0
votes

This tcl question is a bit special. I have text in braces which contain command executions in square brackets:

proc doit {txt} {
    return $txt
}

set txt {
    
    hallo [doit world]
    
}

puts [subst -novariables -nobackslashes $txt]

The output is hallo world which is what I want.

However, sometimes my editor formats the text such that the command execution is split over multiple lines:

set txt {
    
    hallo [doit
    world]
    
}

which leads to an error message wrong # args: should be "doit txt".

Is there an elegant way to avoid this problem?

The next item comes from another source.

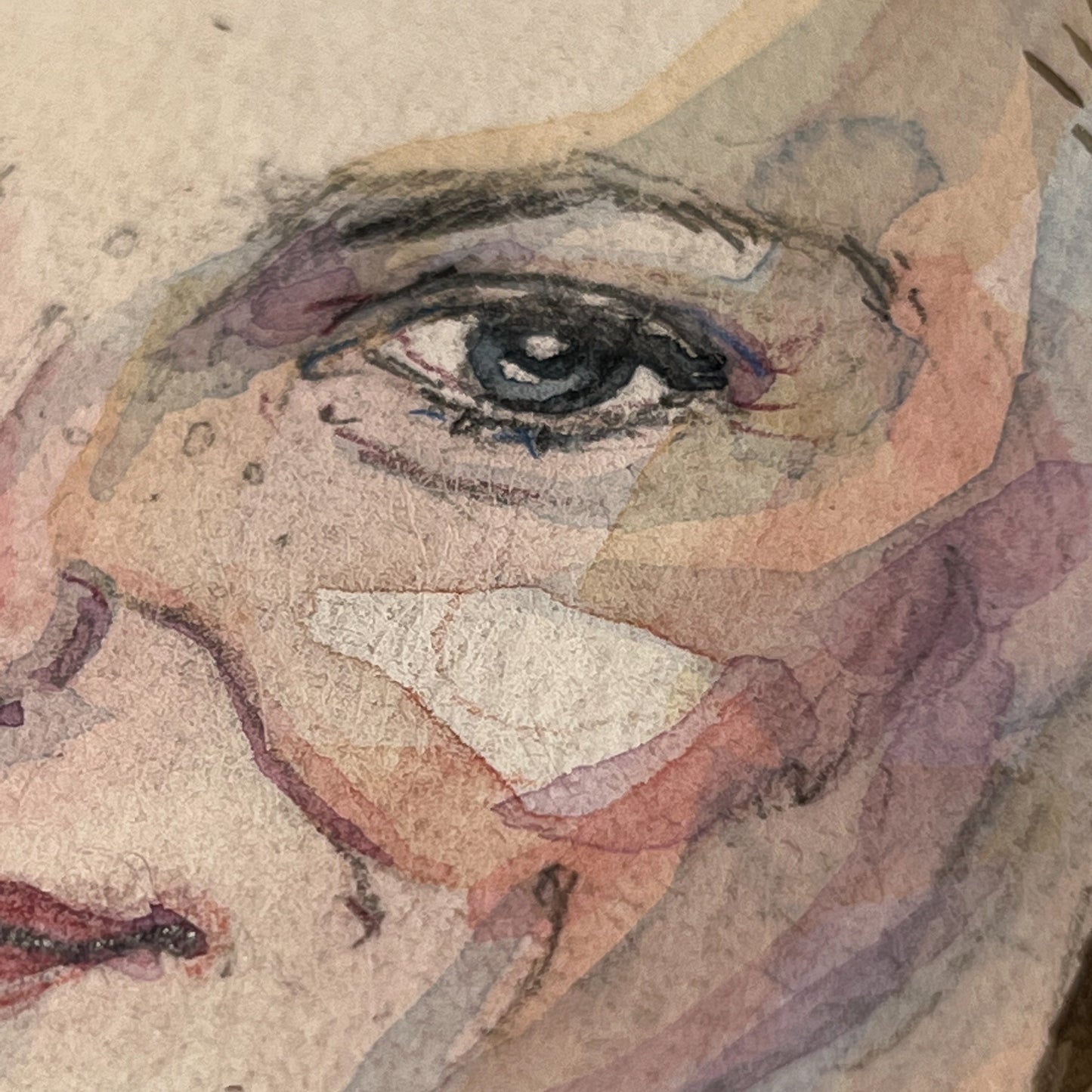 Dein persönliches Aquarellporträt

Introducing a backslash line extension doesn't work since my editor may put this in the wrong position after reformatting the text. And I want to keep the line breaks unchanged (otherwise I could just remove all line breaks from the txt before using subst). Parsing the text and removing line breaks from the command execution seems to be a bit complex.

Thanks for your help!

1
What's your editor? If it's vim, use :set textwidth=0 or :set tw=0 - glenn jackman
@glenn jackman: I'm using Gnu Emacs in the Tcl mode. Formatting of paragraphs (inside the braces) is done with ALT-Q. This breaks the paragraph at arbitrary spaces, tabs, or newlines. - Ralf
I've never had emacs mangle tcl like that... - Shawn
@Shawn: The rest of the Tcl formatting seems ok, maybe its a bit too special for emacs. The lines are of course longer than in my example. Would you expect emacs to avoid splitting the command execution? - Ralf
Well... yes? I don't recall it ever doing that for my code. - Shawn

1 Answers

2
votes

One trick is to wrap your script text to become subjected to subst by curly braces and have the Tcl parser unwrap it before command substitution using the {*} expand operator:

set txt {
    
    hallo [{*}{doit
       
         world}]
    
}

This will be robust against reformatting. However, I would rather teach your editor to behave gently.